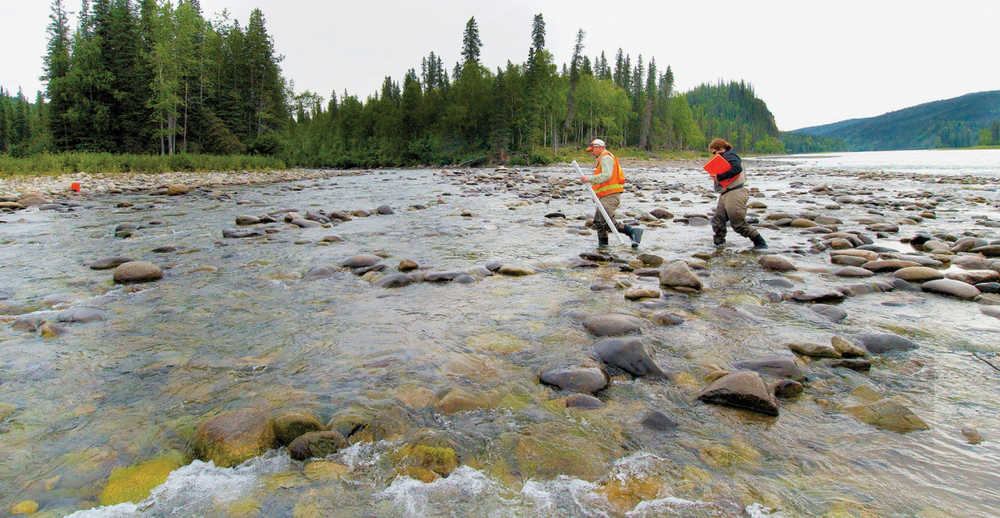 AP Photo/Frank Flavin/Alaska Energy Authority In this 2012 file photo, researchers walk along the Susitna River. With a spending freeze lifted by Gov. Bill Walker, work is resuming on the Susitna-Watana hydroelectric project. However, the authority will need about $100 million in new funding to get through the Federal Energy Regulatory Commission licensing process and to construction.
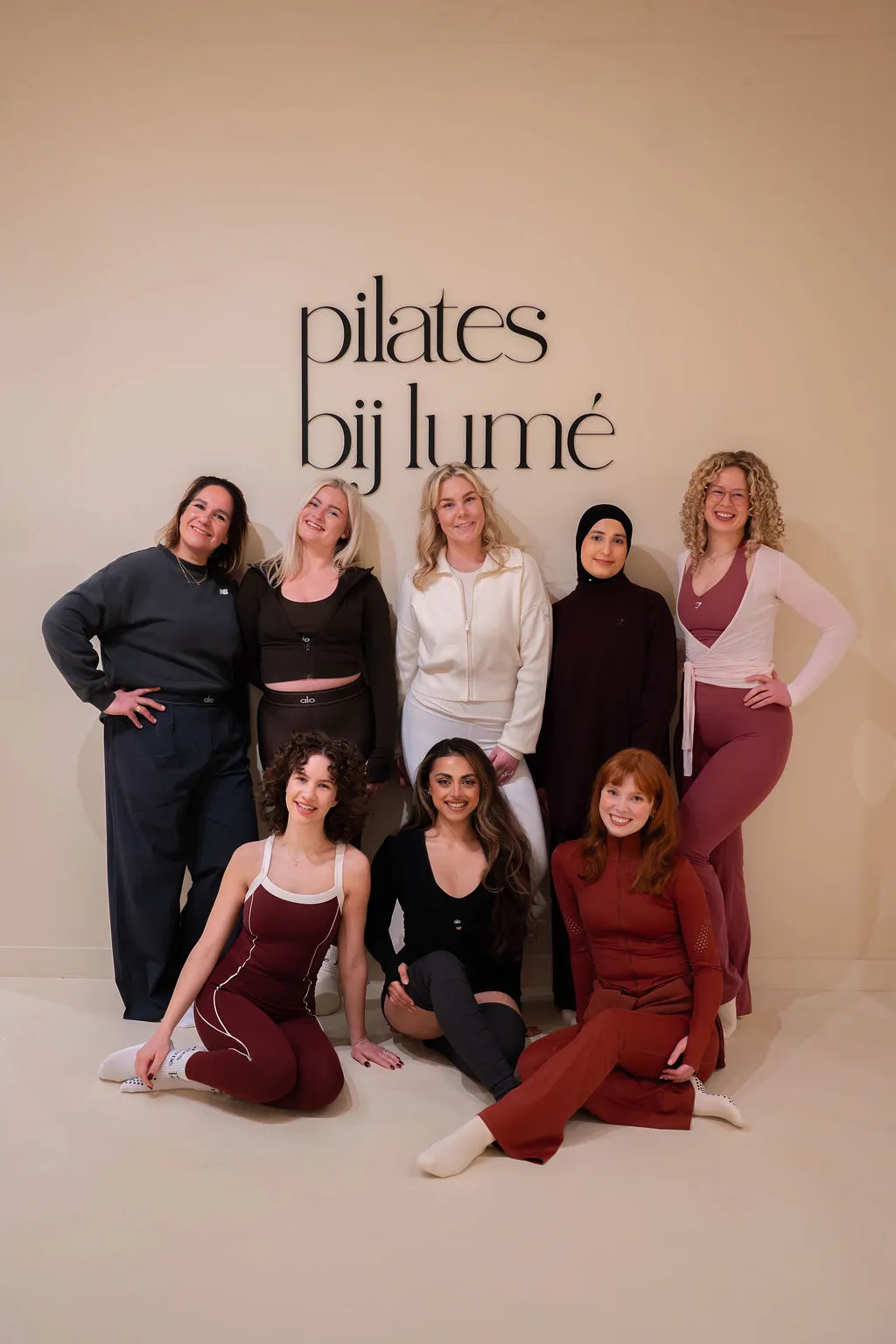 Een groep van zeven diverse vrouwen lacht en poseert in sportkleding voor een beige muur met de tekst 'pilates bij lume'.
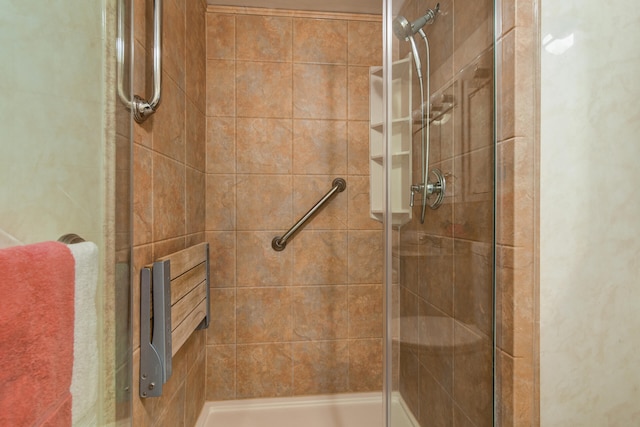 bathroom with an enclosed shower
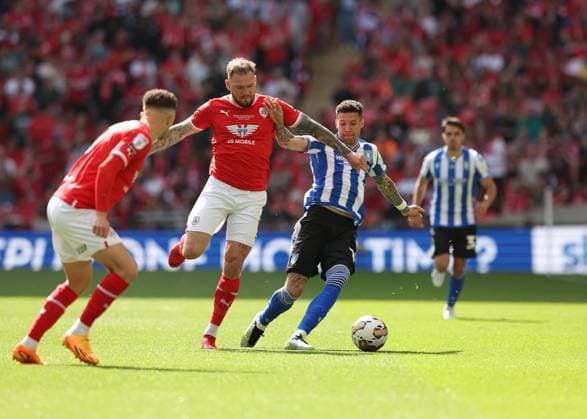 29th May 2023; Wembley Stadium, London, England; EFL League One Play Off Football Final, Barnsley versus Sheffield Wednesday; James Norwood of Barnsley challenges Marvin Johnson of Sheffield Wednesday  ActionPlus12515568 JohnxPatrickxFletcher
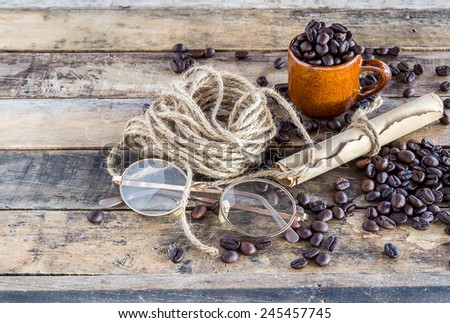 Old paper roll, glasses, rope reel and coffee beans on wooden background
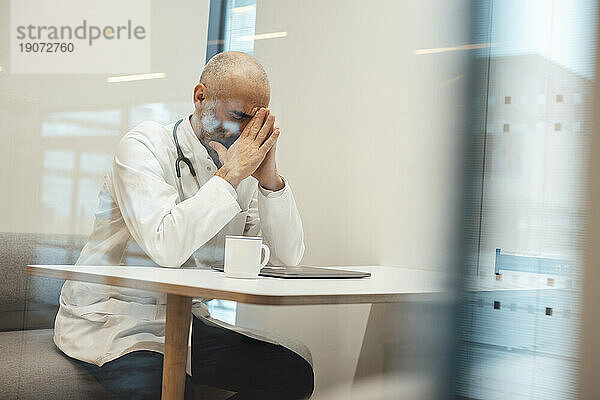 Müder reifer Arzt sitzt mit Kaffeetasse und Laptop durch Glas gesehen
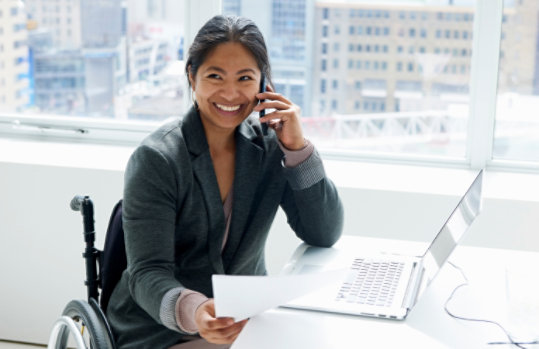 Smiling woman working in office while sitting in wheelchair.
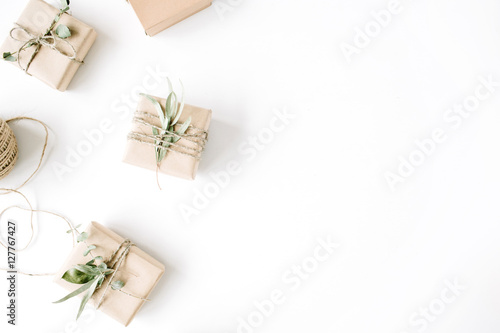 creative arrangement pattern of craft boxes and green branches on white background. flat lay  top view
----------
* **TASK PROMPT**: Leave every picture out, and reproduce exactly the lines from the line bearing "Müder reifer Arzt" through the closing line of the material above.

* **EXERCISE RESULT**:
 Müder reifer Arzt sitzt mit Kaffeetasse und Laptop durch Glas gesehen
 Smiling woman working in office while sitting in wheelchair.
 creative arrangement pattern of craft boxes and green branches on white background. flat lay  top view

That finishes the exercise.